At 30, Zinab is a pedagogical director at an apprenticeship training center in Rabat, Morocco. She knows all the youth there and has developed strong bonds with each and every one of them. The incident marked the real start of her civic engagement, she went from being a participant in different civil society activities to becoming a more focused and effective player and leader within MENA Policy Hub (MPH), a youth organization in Morocco that works on public policies, employment and other themes.
“After that incident, something inside of me got triggered… shaken. When you are on the ground, faced with everyday risks, you cannot be detached from reality. Everything around you feeds that internal strength and motivation to get up and make a change, no matter how small that change may be,” she says.
Passionate for the work she does with marginalized youth coming from disadvantaged backgrounds, Zinab is convinced more than ever before that changing things means being close to youth, listening to their views and problems, and working with them and social institutions so they can have access to training and safe work environments.

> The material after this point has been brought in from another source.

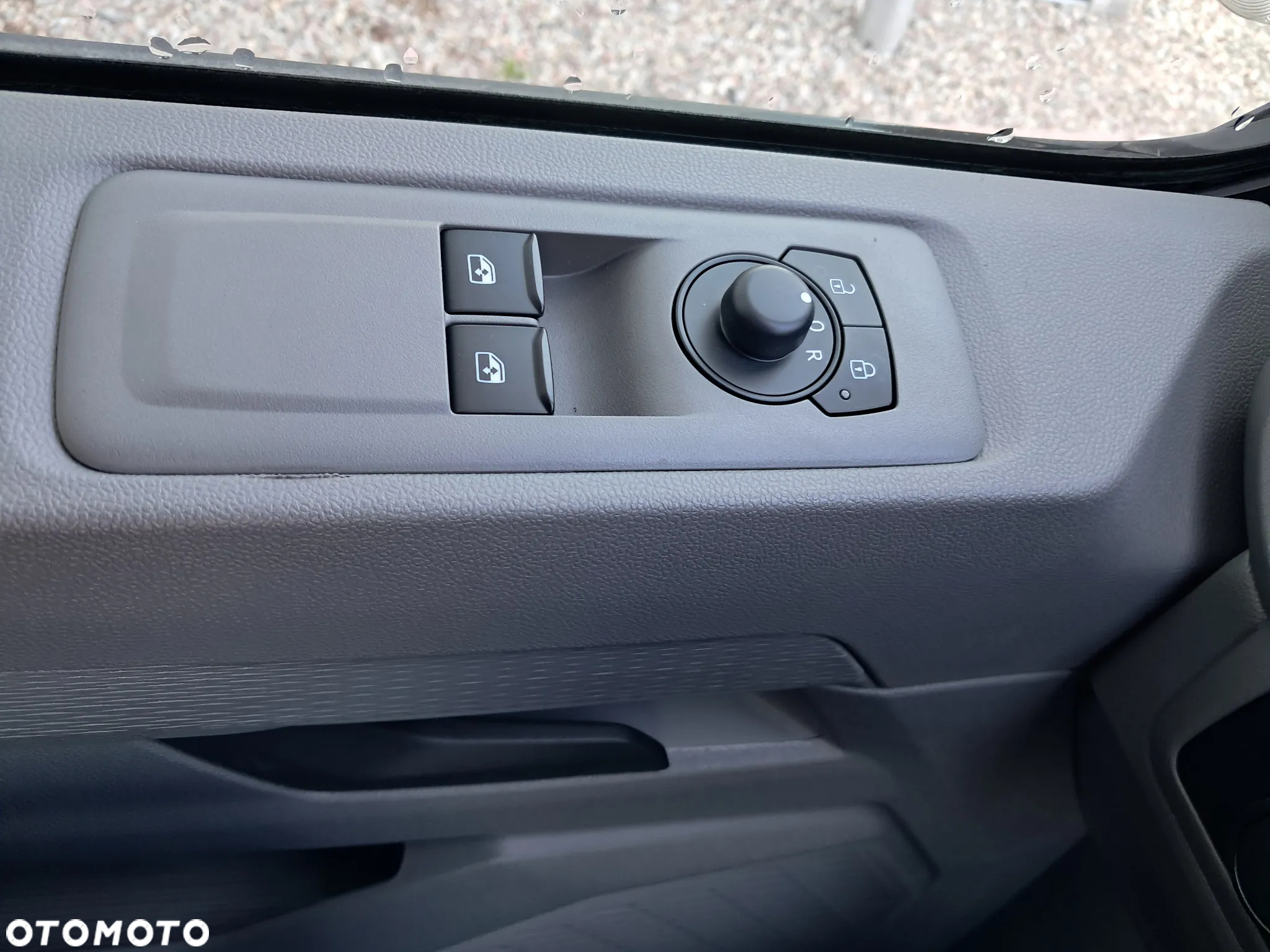 Volkswagen Transporter T7 - 28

“I am constantly wearing my macro lens. Our vocational training in Morocco adopts a traditional approach that relies on an arsenal of technical documents but lacks the appropriate investment in and consideration for the human element,” explains Zinab. “Any training has to take into account the social situation and needs of youth. It should not be a unilateral, top-down approach, but a collaborative cycle.

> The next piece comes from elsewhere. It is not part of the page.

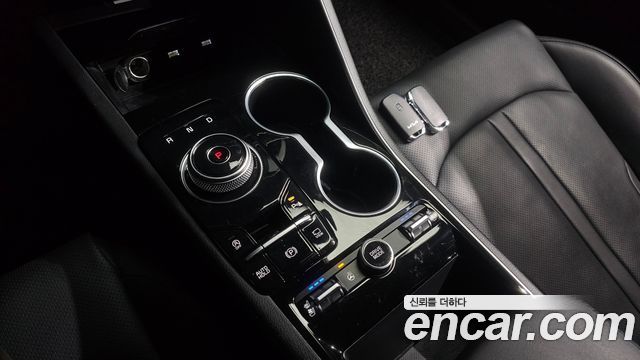 Kia K5 (III) 2.0 Prestige 2022 — фото 9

For our youth to be integrated in the social fabric, employment and professional insertion are key. It’s good that we have cultural activities, sports and other entertainment opportunities these days; but professional stability is an essential pillar for us to have autonomous individuals and to ease transition into adult life.”
As the focal point of MPH within the public policy working group of NET-MED Youth in Morocco, Zinab focuses on the employment component of public policies. She coordinates between members of NET-MED Youth and members of MPH, contributes to the development of project proposals, and takes part in the meetings organized with employment experts as part of the activities of NET-MED Youth.

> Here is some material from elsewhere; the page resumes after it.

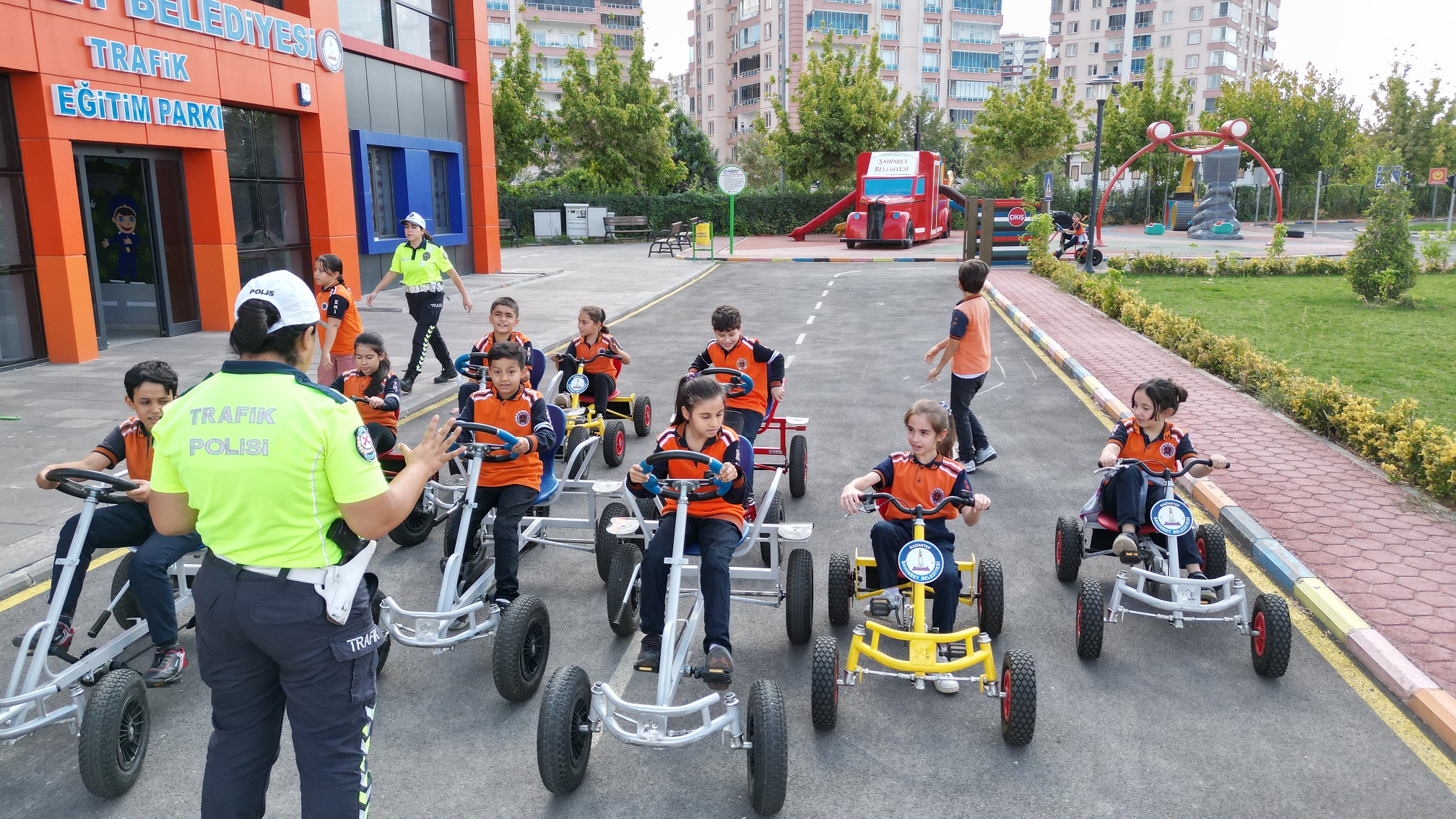 Belediyemiz ��rencilere Trafik Bilinci A��l�yor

“Through NET-MED Youth, I am learning a lot,” she says. “The qualitative and economic employment data from the experts is of high quality and is very concrete. It also comes at an opportune time. This expertise will be very useful to civil society organizations, like mine, because it will give us a foundation to forecast what skills youth need to access the job market.”
With a voice full of passion and determination, she says “We are different civil society organizations in our NET-MED Youth working group, and this is a valuable aspect in its own. We work as a team, feed the project with ideas stemming from our varied backgrounds, and are very much immersed in the revision and implementation of public policies on the ground. It’s not just a matter of having a public policy or not, it is about ensuring that the target audience, youth, can participate in its development.”
And with that same tone of voice, Zinab goes on to stress the importance of being results-oriented, of finding that raison d’être to contribute to the advancement of society, and of providing support to youth to reinforce their capacities for the long-term.
“The impulse, enthusiasm, and energy of youth are not enough by themselves. We need to be committed to providing an environment where youth skills and capacities are developed and reinforced. Because without it, they may try, fail, and then give up. This work is a long-term undertaking. A challenge. But as youth members of civil society, our actions need to be oriented towards creating a positive and sustainable impact, or else they will soon fritter away.”
Zinab would never forget that dreadful day, the wailing of the ambulance siren and her shaking hands dialing the emergency number. The trainee is in good health today thanks to Zinab’s phone call. The ambulance arrived. His life was saved and he continues to work and improve his life.